(Short web captions)
________
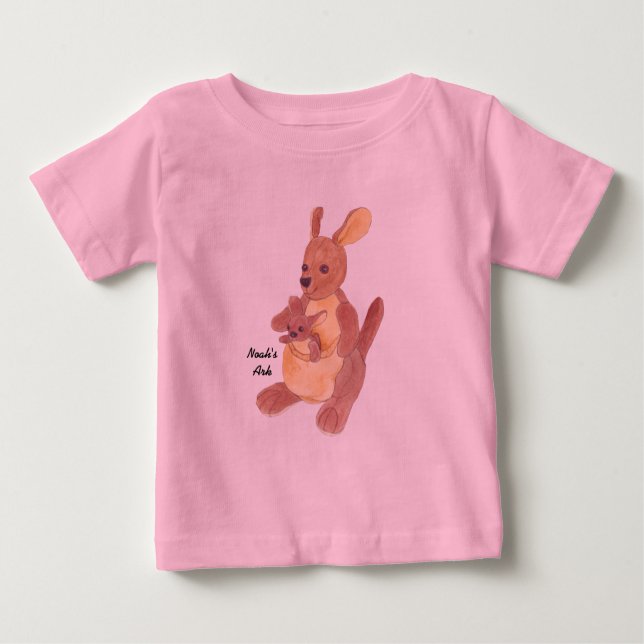 "Noah's Ark" Collection Kangaroo Mom & Baby Baby T-Shirt (Front)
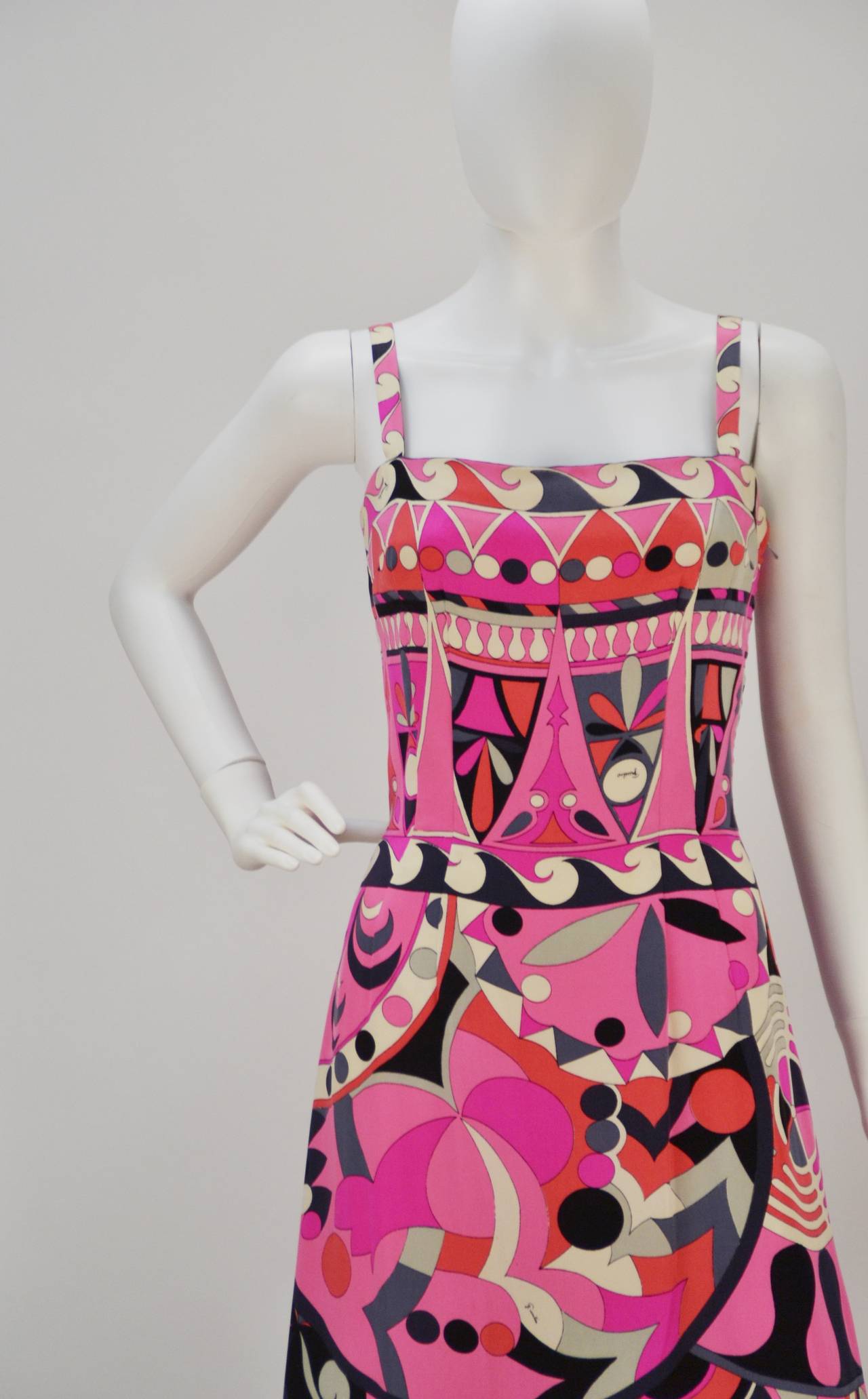 Pink Emilio Pucci Silk Jersey Multi Color Maxi Dress, 1960s 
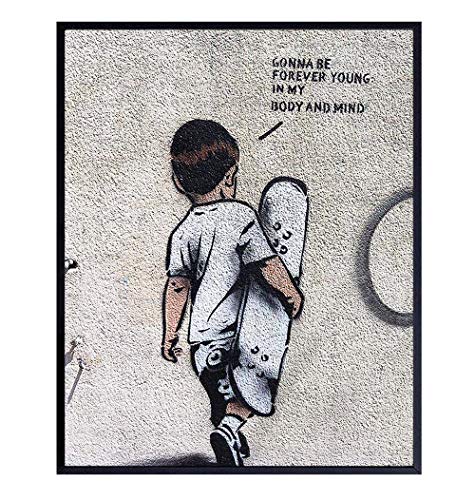 Banksy Forever Young Street Art Graffiti Poster Print - 8x10 Home Decor Photo Picture for Bedroom, Living Room - Cool Unique Wall Art Gift for Urban Mural Fans - Unframed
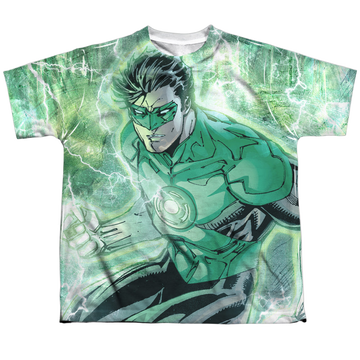 Green Lantern Green Lightning youth all-over print t-shirt for ages 8 to 12
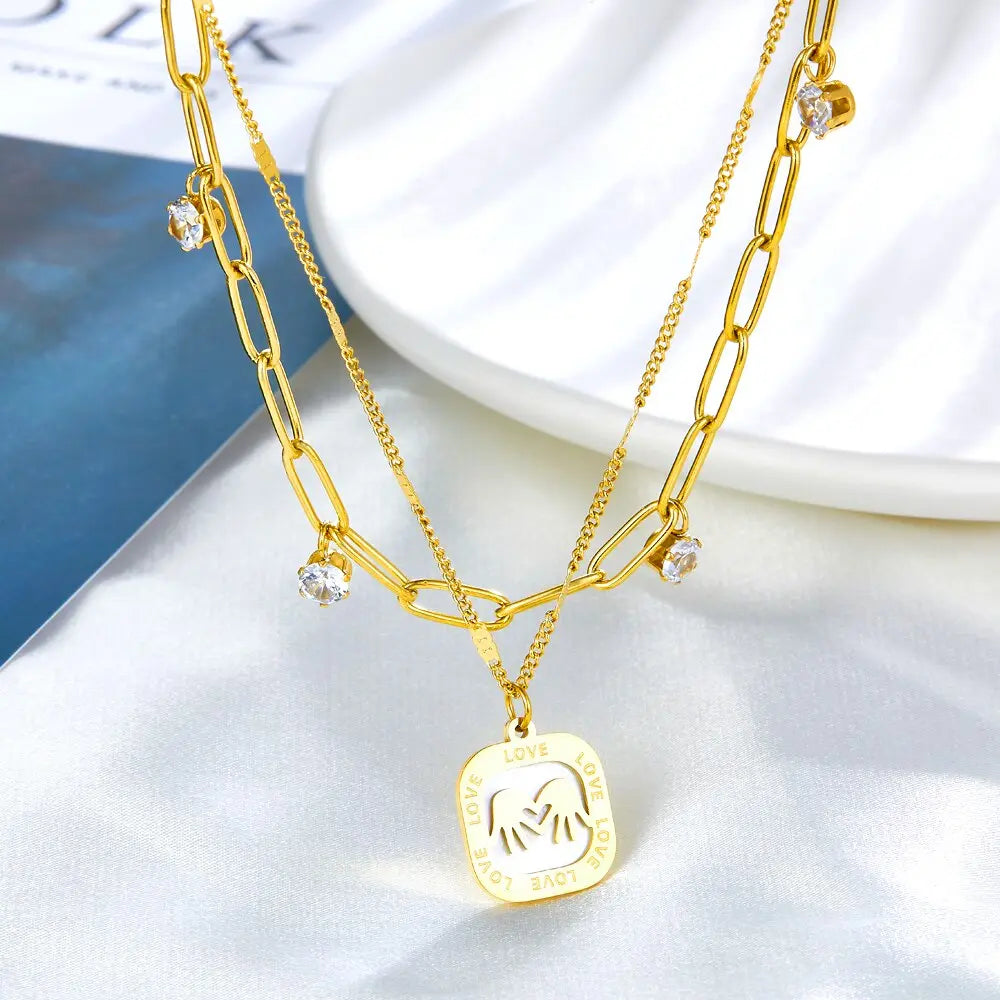 Stainless Steel Heart Imitation Pearl Pendant Necklace Collars Trendy Gold Color Double Chains Necklace Wedding asonjewelry
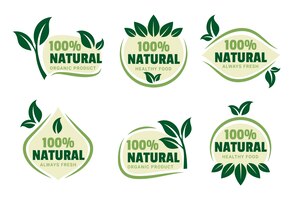 Vetor grátis coleção de emblema verde 100% natural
________
PROBLEM DETAILS: Keep the pictures out of your answer, which should be the lines from the one with "Banksy Forever Young" through the final line of the data, copied exactly.

YOUR RESPONSE:
 Banksy Forever Young Street Art Graffiti Poster Print - 8x10 Home Decor Photo Picture for Bedroom, Living Room - Cool Unique Wall Art Gift for Urban Mural Fans - Unframed
 Green Lantern Green Lightning youth all-over print t-shirt for ages 8 to 12
 Stainless Steel Heart Imitation Pearl Pendant Necklace Collars Trendy Gold Color Double Chains Necklace Wedding asonjewelry
 Vetor grátis coleção de emblema verde 100% natural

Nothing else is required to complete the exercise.